Thanks for elaborating - good to know I was on the right path.
Hi Kscher,
First I'll be honest... I did not read everything you wrote (sorry).
Right... with that out of the way, I believe you'll find your issue is with the non-standard event boundaries in your data. I had something similar with some field extractions I did a while back where I had some entries like this:
QBRILE9801
QBRMHE9831
QPTAAE2151
QWYNME9911
...
Where the string ranging from the 2nd to the 5th string would be the exchange_id
field which I needed to extract (e.g. BRIL
, BRMH
, PTAA
, etc.).
"Regular expressions to the rescue!" I hear you say... well I said that too, except when I went to run searches & populate tables with my shiny new exchange_id
field, I was getting zero results, while getting inconsistent results when I started throwing in asterisks into the equation like a ninja would throw shuriken... but that makes for a sloppy ninja.

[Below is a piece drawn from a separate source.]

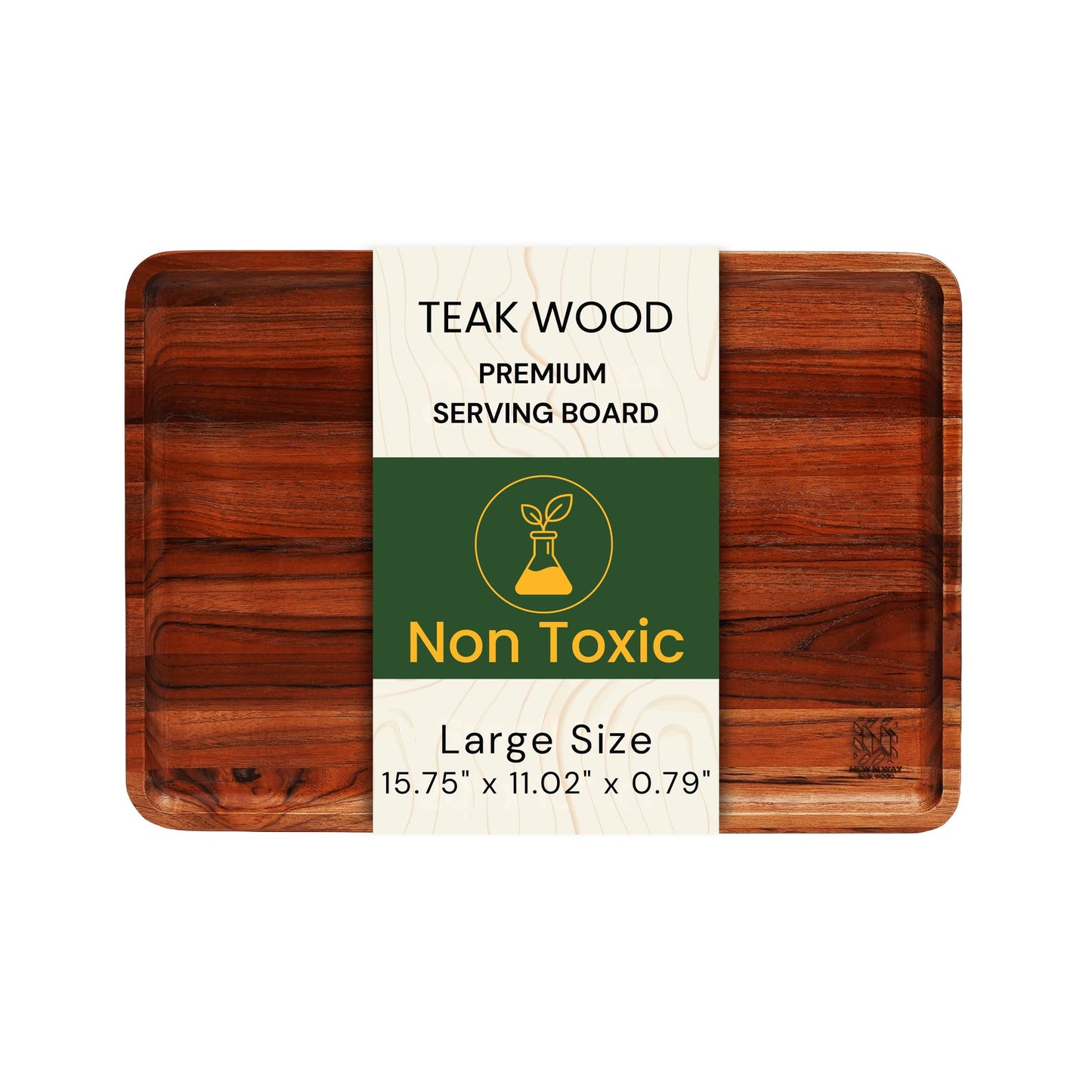 Premium Natural Teak Wood Medium Rectangular Serving Tray – Solid Wooden Display & Drink Tray 15.75 x 11.02 x 0.79 Inch with Raised Rim – Coffee, Wine, Food & Entertaining Tray for Kitchen & Home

So along comes fields.conf
. I had never used it before, and to be honest with you I'm probably not 100% on it's use, but when I made the following fields.conf
...
[exchange_id]
INDEXED_VALUE = false
...it miraculously started working the way I expected.
So yeah... probably not much of an answer, but hopefully something to get you on the right track 🙂
Reference:
Cheers & Beers,
RT
Have finally had a chance to test your solution, and it works just great. Thanks v much!
Since this is a miracle we shouldn't expect to find out why it works, much less why we needed a miracle in the first place, but I sure would like to know.
Very grateful for this lead. I'll post pack on results.